Cette curiosité, elle brulait candidement chez les inséparables botanistes autant pour l’anatomie végétale que génitale, qui partagent une certaine similarité par ailleurs.
Dans le choix du titre, on voit le clin d’œil de la réalisatrice à cet esprit d’émerveillement et d’ouverture à la beauté, non seulement de l’amour, mais de la nature : «Je voulais faire un film sur la bonté.

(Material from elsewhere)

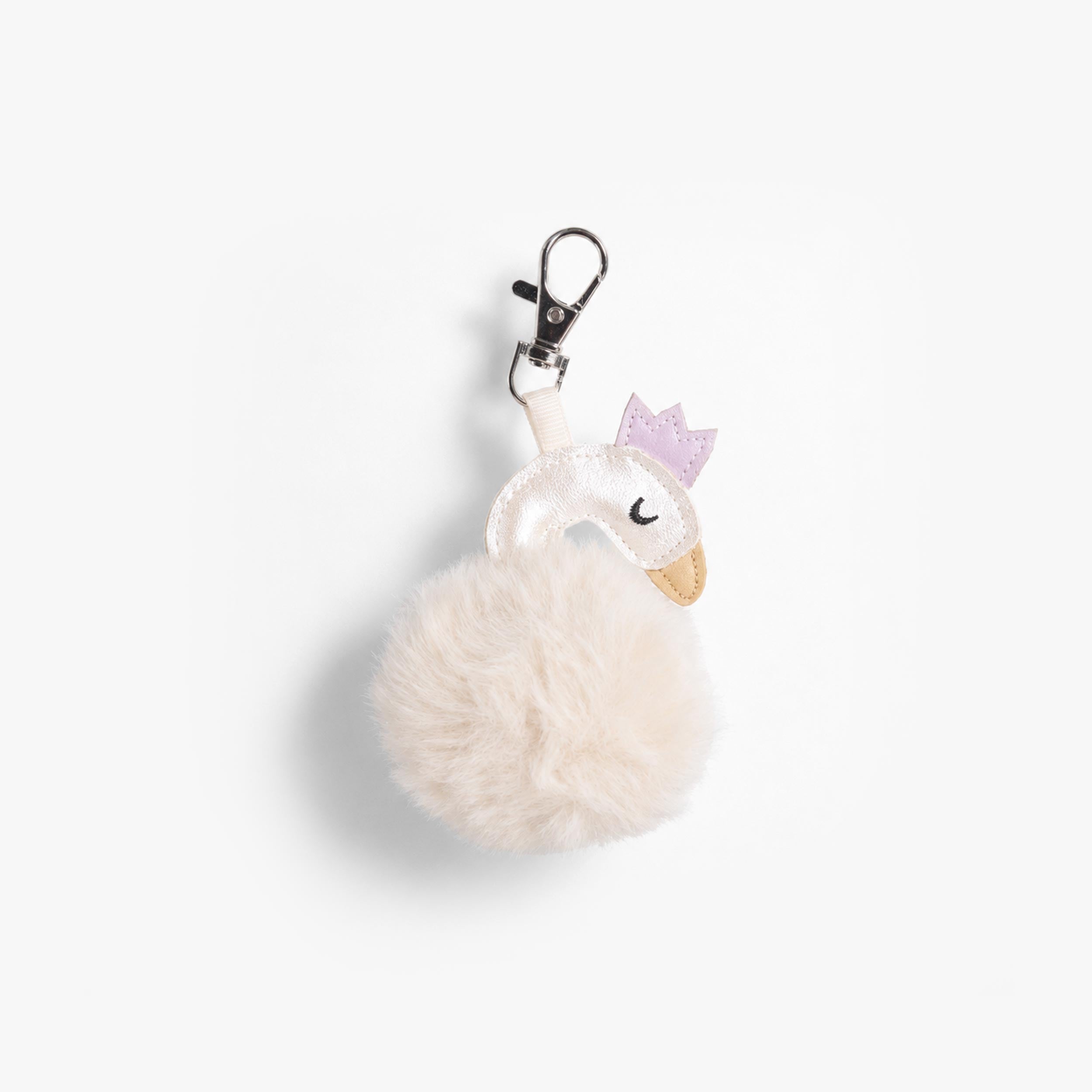Breloque cygne crème en fausse fourrure, enfant - Souris Mini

J’étais tannée du sarcasme de la plupart des films et des séries», lance-t-elle.
Elle avoue ne plus regarder la nature de la même façon depuis ce film. Et on sent que c’est ce qu’elle veut transformer aussi en nous : ils sont rares au Québec, ces films qui nous édifient, nous rendent le cœur léger. C’est un film poétique, contemplatif, dont les scènes entrecoupées d’images de la nature peuvent rappeler l’esthétique du réalisateur américain Terrence Malick.
Pas mal certain que si Marie-Victorin et Marcelle avaient connu le cinéma contemporain, c’est ce genre de film qu’ils auraient créé, aimé, espéré.
Dis-moi pourquoi ces choses sont si belles sera à l’affiche ce vendredi 21 juin.